-- The records follows --

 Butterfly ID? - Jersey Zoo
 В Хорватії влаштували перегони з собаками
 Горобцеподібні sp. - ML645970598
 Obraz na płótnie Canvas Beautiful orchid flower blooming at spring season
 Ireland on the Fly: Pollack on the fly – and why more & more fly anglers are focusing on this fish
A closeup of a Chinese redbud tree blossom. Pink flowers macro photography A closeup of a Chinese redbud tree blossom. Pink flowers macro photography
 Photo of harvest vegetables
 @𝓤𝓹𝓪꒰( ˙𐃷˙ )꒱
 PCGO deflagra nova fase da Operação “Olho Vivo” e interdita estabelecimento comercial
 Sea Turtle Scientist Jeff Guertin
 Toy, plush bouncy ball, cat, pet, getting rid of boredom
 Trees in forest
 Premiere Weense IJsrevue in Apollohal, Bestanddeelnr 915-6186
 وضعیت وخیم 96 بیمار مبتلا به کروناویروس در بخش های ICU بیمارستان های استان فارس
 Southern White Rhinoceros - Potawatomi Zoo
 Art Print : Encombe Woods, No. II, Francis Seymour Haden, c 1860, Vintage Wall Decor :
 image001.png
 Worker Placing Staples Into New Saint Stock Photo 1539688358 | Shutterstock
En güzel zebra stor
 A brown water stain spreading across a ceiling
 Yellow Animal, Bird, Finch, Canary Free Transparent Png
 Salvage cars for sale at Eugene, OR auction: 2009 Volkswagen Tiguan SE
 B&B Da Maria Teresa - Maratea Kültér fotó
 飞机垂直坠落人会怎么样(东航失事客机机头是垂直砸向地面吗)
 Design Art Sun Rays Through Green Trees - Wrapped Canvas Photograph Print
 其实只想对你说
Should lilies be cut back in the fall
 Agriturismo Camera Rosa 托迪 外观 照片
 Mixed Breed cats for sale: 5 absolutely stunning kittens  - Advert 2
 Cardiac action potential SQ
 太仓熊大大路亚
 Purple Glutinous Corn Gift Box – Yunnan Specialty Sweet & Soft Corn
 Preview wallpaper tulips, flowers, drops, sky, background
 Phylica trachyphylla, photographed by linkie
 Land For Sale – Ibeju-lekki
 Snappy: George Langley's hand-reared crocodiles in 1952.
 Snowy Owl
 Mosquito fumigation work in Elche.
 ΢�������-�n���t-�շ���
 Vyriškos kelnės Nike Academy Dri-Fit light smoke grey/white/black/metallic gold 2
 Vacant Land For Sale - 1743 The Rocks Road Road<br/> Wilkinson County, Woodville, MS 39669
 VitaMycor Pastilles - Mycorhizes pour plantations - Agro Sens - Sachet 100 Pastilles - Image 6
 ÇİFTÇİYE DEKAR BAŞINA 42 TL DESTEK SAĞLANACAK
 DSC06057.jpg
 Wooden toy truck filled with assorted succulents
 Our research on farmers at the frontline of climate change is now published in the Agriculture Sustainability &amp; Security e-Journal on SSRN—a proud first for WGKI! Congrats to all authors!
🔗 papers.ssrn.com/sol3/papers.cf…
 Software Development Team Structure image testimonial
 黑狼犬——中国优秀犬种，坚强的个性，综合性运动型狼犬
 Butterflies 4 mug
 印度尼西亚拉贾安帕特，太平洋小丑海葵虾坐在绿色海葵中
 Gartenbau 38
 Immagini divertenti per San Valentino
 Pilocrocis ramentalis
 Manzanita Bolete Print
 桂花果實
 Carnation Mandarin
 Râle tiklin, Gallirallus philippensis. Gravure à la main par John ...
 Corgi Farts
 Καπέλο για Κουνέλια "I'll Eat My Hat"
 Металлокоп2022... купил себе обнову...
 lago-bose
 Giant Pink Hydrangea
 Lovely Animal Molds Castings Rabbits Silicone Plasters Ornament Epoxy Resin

-- The records concluded --

Lines wanted from the listing above: the line with "Obraz na płótnie" up to and including the line with "Yellow Animal, Bird, Finch, Canary". Please write them out exactly, adding nothing else.

 Obraz na płótnie Canvas Beautiful orchid flower blooming at spring season
 Ireland on the Fly: Pollack on the fly – and why more & more fly anglers are focusing on this fish
A closeup of a Chinese redbud tree blossom. Pink flowers macro photography A closeup of a Chinese redbud tree blossom. Pink flowers macro photography
 Photo of harvest vegetables
 @𝓤𝓹𝓪꒰( ˙𐃷˙ )꒱
 PCGO deflagra nova fase da Operação “Olho Vivo” e interdita estabelecimento comercial
 Sea Turtle Scientist Jeff Guertin
 Toy, plush bouncy ball, cat, pet, getting rid of boredom
 Trees in forest
 Premiere Weense IJsrevue in Apollohal, Bestanddeelnr 915-6186
 وضعیت وخیم 96 بیمار مبتلا به کروناویروس در بخش های ICU بیمارستان های استان فارس
 Southern White Rhinoceros - Potawatomi Zoo
 Art Print : Encombe Woods, No. II, Francis Seymour Haden, c 1860, Vintage Wall Decor :
 image001.png
 Worker Placing Staples Into New Saint Stock Photo 1539688358 | Shutterstock
En güzel zebra stor
 A brown water stain spreading across a ceiling
 Yellow Animal, Bird, Finch, Canary Free Transparent Png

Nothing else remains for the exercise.